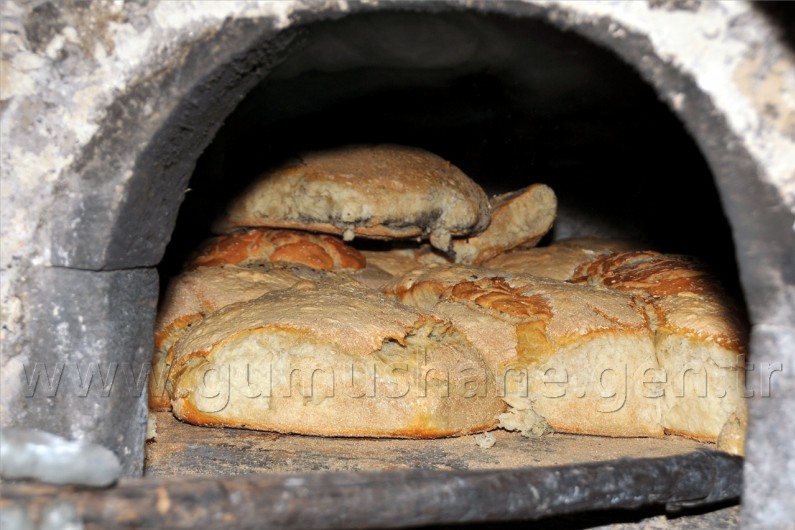 Gümüşhane Geleneksel Köy Ekmeği Yasalaştı 2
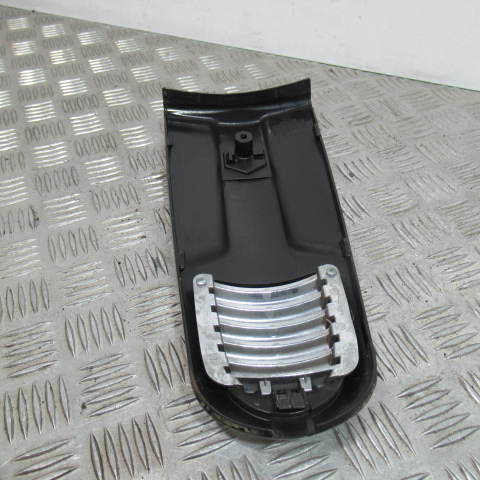 Cache avertisseur VESPA 125 GTS – 2014 –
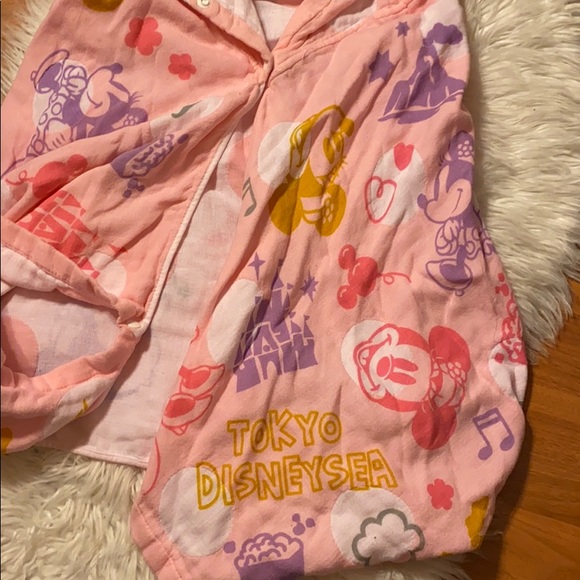 Tokyo Disney Cotton Poncho - Picture 5 of 8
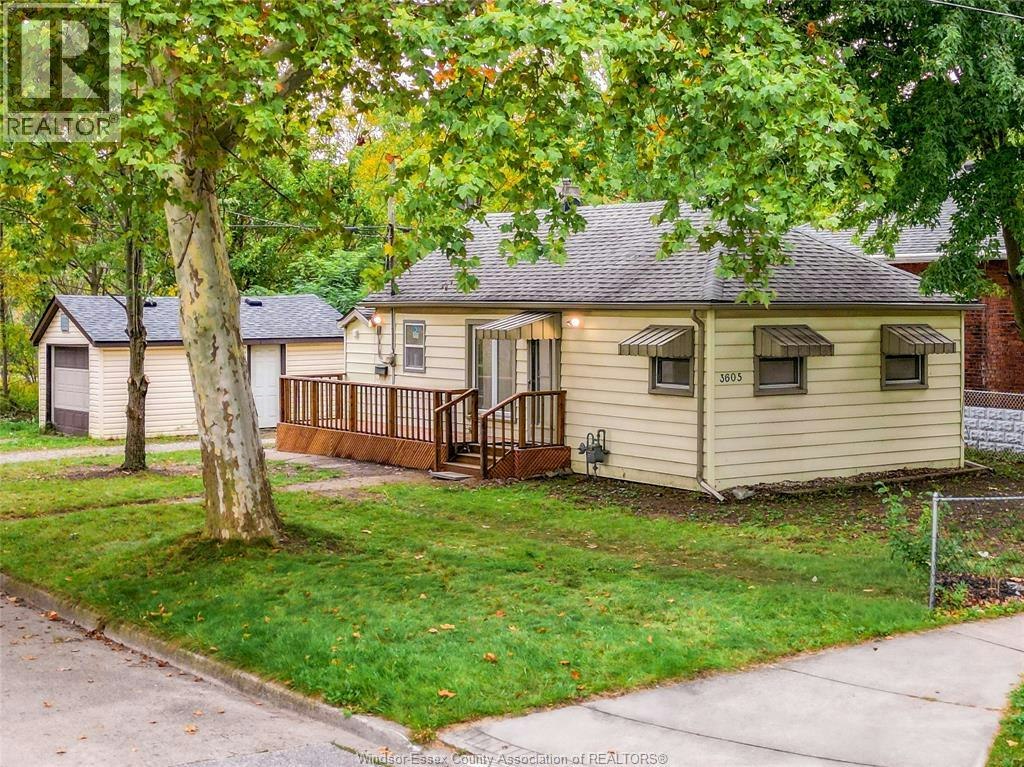 3605 Bloomfield, Windsor, ON, N9C 1S1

□ □ □ □ □

> [Your instructions]
Return the data above in its exact wording, with none of the pictures.

> [Response box]
 Gümüşhane Geleneksel Köy Ekmeği Yasalaştı 2
 Cache avertisseur VESPA 125 GTS – 2014 –
 Tokyo Disney Cotton Poncho - Picture 5 of 8
 3605 Bloomfield, Windsor, ON, N9C 1S1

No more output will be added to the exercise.